Ricardo Molinelli, Fukuoka (Japón). efe
Rusia se vengó de la derrota que sufrió en Moscú, hace poco más de dos meses en la final del campeonato de Europa, y asoló a España en un partido, en el que con el saque como principal arma, apenas duró una hora (0-3). La selección española salió dispuesta a defender sus opciones, aún sabiendo inicialmente que serían pocas, y que los rusos tenían ganas de venganza y de sacarse la espina.
El primer punto fue para Rusia, en un bloqueo que cazó a Guillermo Falasca, pero España se recuperó y fue dominando en el marcador por escaso margen (9-5), hasta que un fallo en el saque de Miguel Ángel Falasca propició el empate a 15 y dos saques directos posteriores de Semen Poltavskiy dieron la primera ventaja a Rusia.
Los rusos, como los lobos, olieron la sangre y ya no abandonaron a su presa hasta que Poltavskiy, una auténtica pesadilla durante todo el partido, con dos nuevos puntos de saque cerró el primer parcial en 21-25.

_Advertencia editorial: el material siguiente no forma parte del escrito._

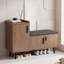 Fabric Upholstered Bench with Shoe Storage-386562857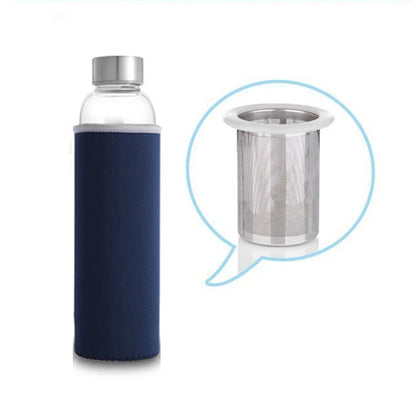 Hochtemperaturbeständige Glas-Sport-Wasserflasche mit Tee-Infuser + Schutzbeutel-Wasserflasche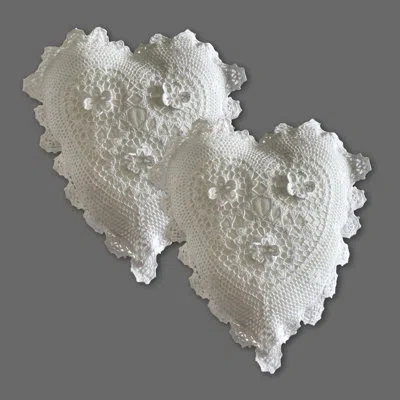 Modern Heirloom Grace Crochet Heart 2-piece Pillow Set In White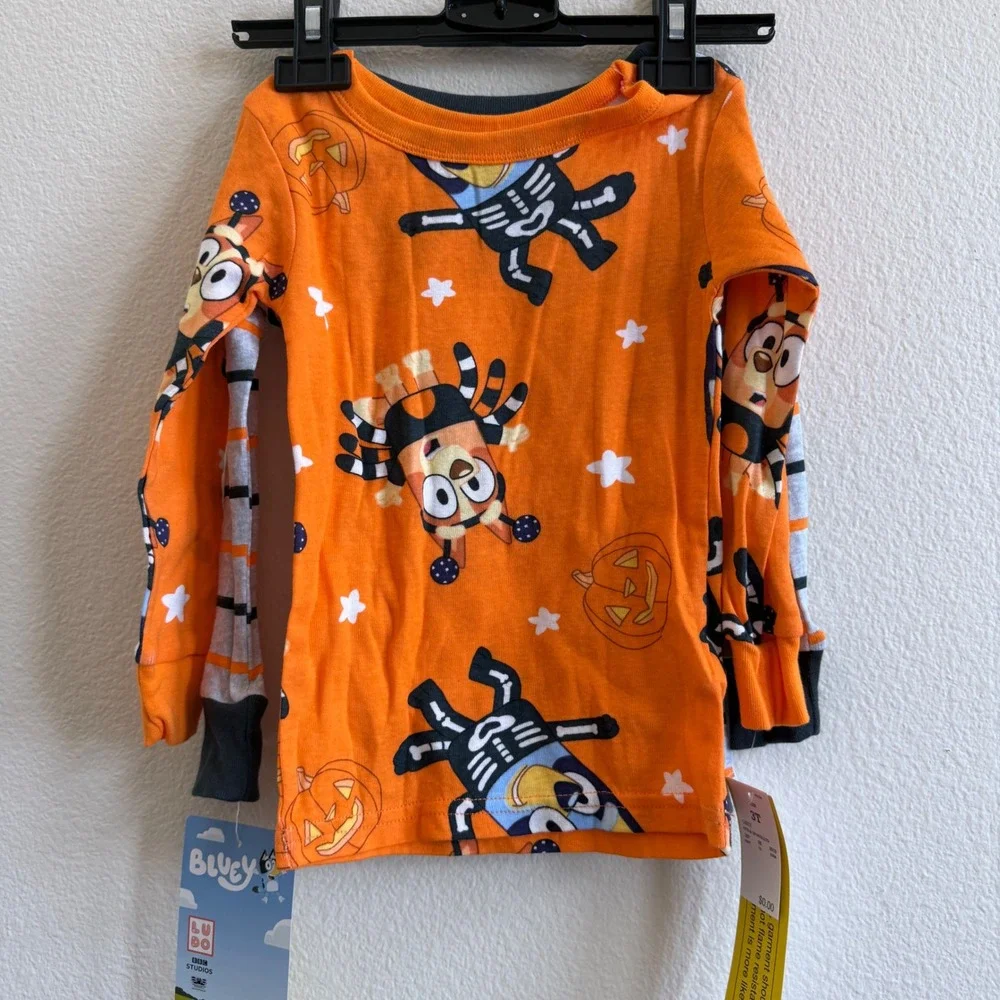 Bluey Halloween Pajama Tops 2-Pack Vampire Skeleton Bingo Orange Grey Kids 3T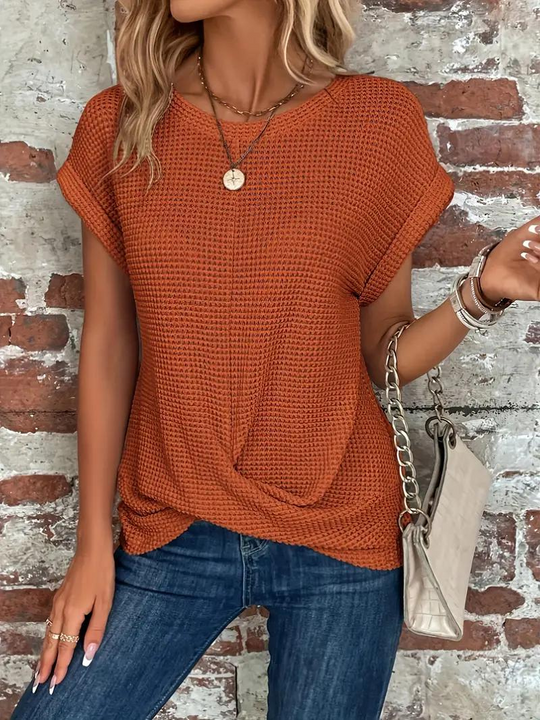 Heidi-Mode | Lässiges Gestricktes T-Shirt mit Struktur für Damen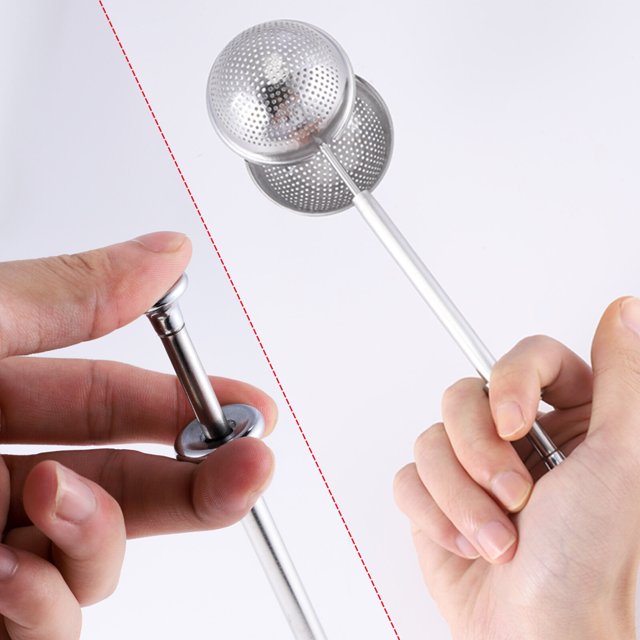 Ruiboury 2 Pieces Ball Shaped Tea Infuser Infuser Stainless Steel Tea Strainer Push Style Tea Infuser Strainer Tea Infuser Tool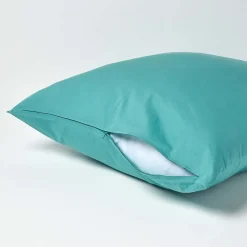 Taie d'oreiller bleu canard 100% coton égyptien 200 fils, 60x60 cm - HOMESCAPES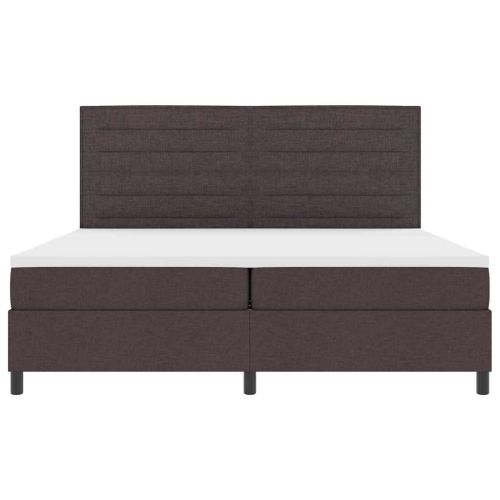Легло с пружинирана основа Тъмен кафяв 200 x 200 cm текстил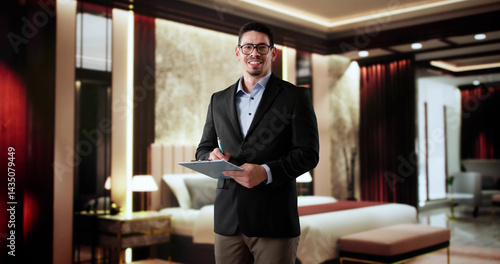 Obraz na płótnie Hotel Manager In The Room w salonie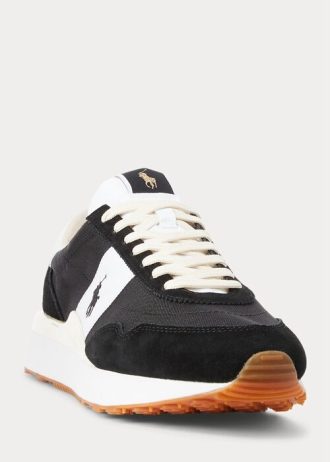 Zapatillas Ralph Lauren Train 89 de ante y Oxford para hombre, color negro y blanco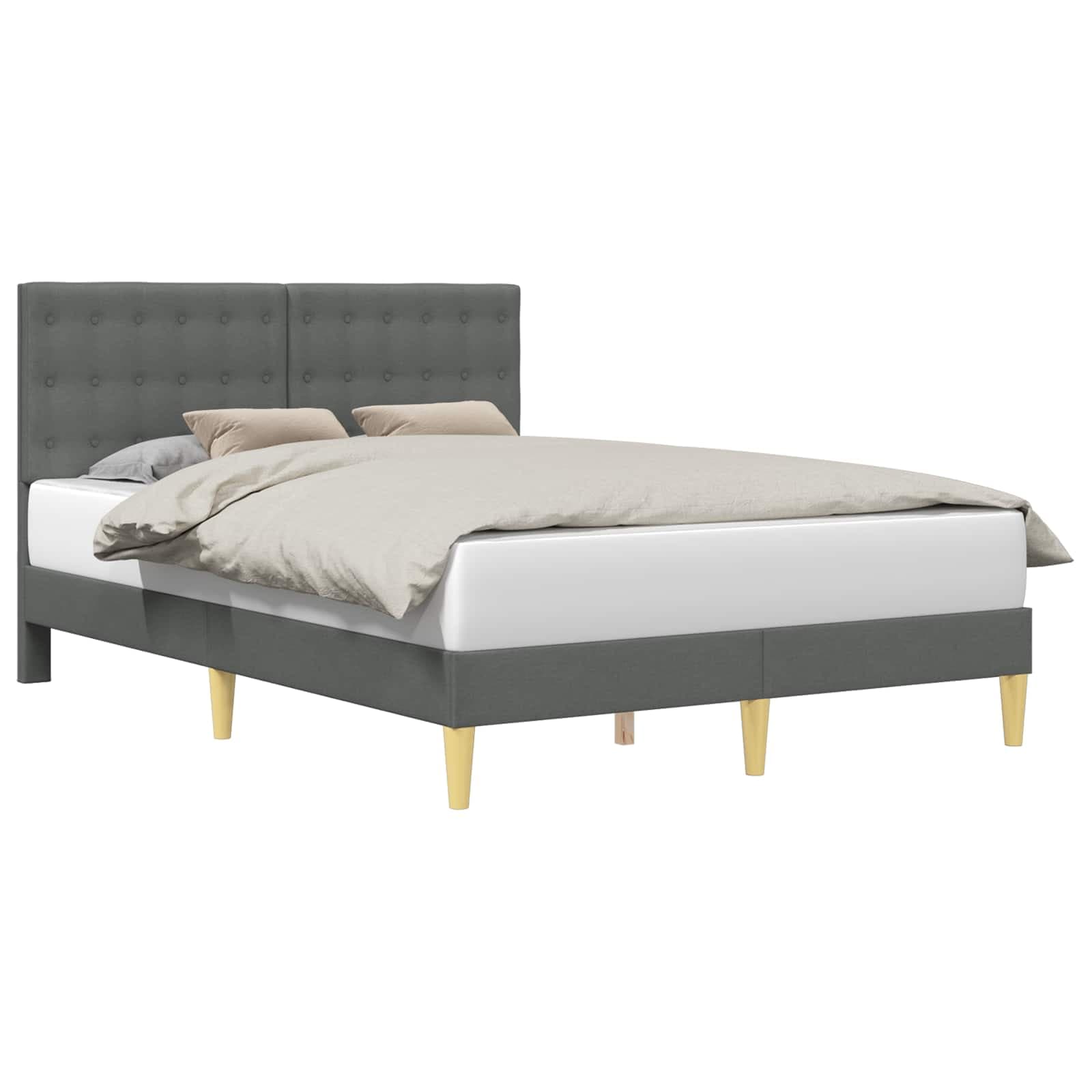 vidaXL Estrutura da Cama Cinzento-Escuro 120 x 200 cm Tecido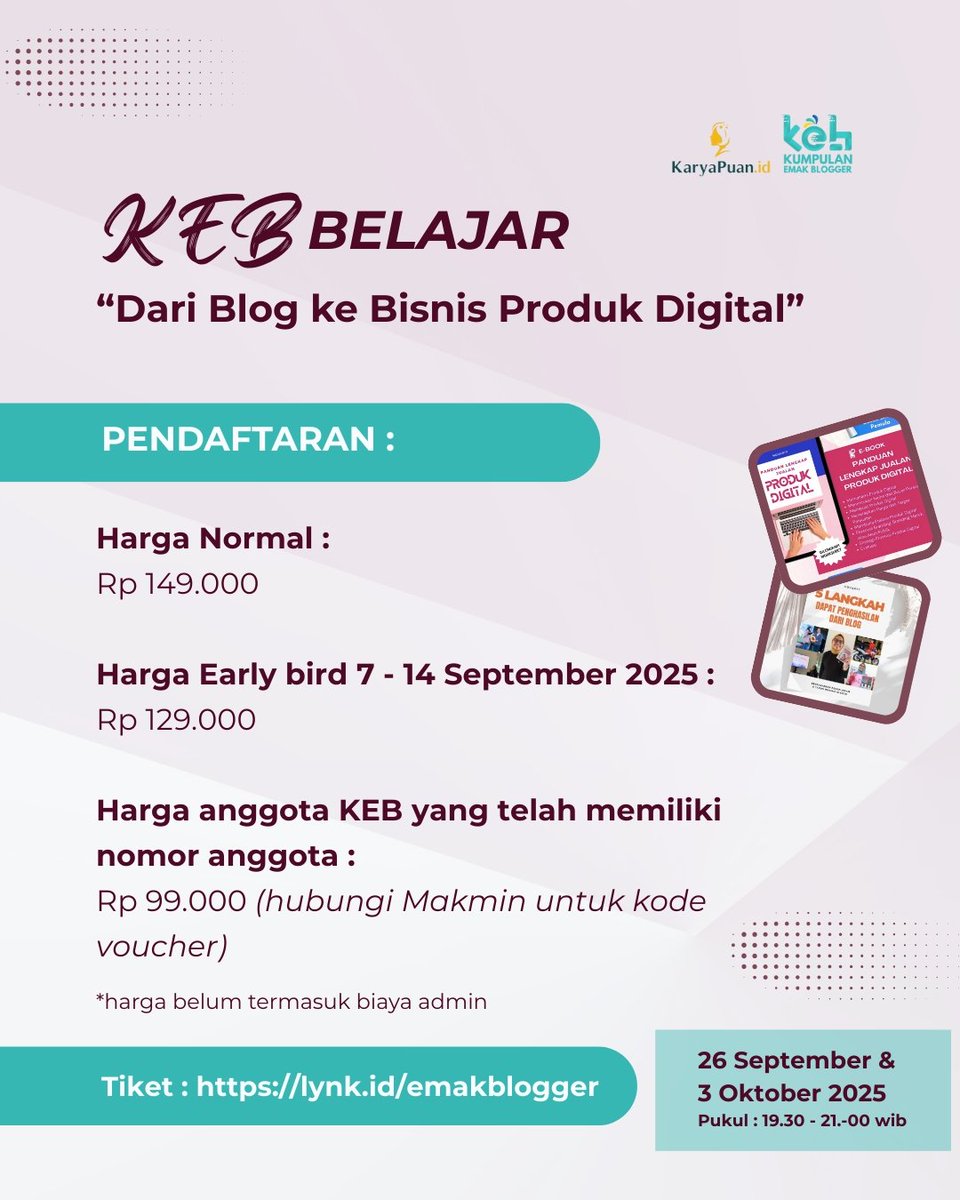 Yang belum daftar yang belum daftaaaar 
Amankan seat sebelum full 😁
Daftar di sini: lynk.id/emakblogger/pl…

La misma historia puede contarse en la segunda manga, con un marcador más o menos igualado hasta que Poltavskiy cogió el servicio y consiguió un parcial de 0-5 para su equipo, dejando el camino expedito para la victoria.
Un equipo que disfruta jugando
Rusia lejos de reservar fuerzas o hacer algún cambio siguió con los titulares en pista y celebrando cada punto como si fuera el definitivo. Tenían cuentas que saldar y estaban disfrutando con cada golpe, con cada bloqueo, con cada servicio directo.
El 13-25 con el que acabó el segundo set es bastante claro de la impotencia que, por momentos, sintió el equipo español. El seleccionador Marcelo Méndez comenzó a mover el banquillo buscando alguna solución y no quemar a los jugadores para sucesivos partidos, hasta que al final, sólo Rafa Pascual y Alfonso Flores se quedaron sin saltar a la pista.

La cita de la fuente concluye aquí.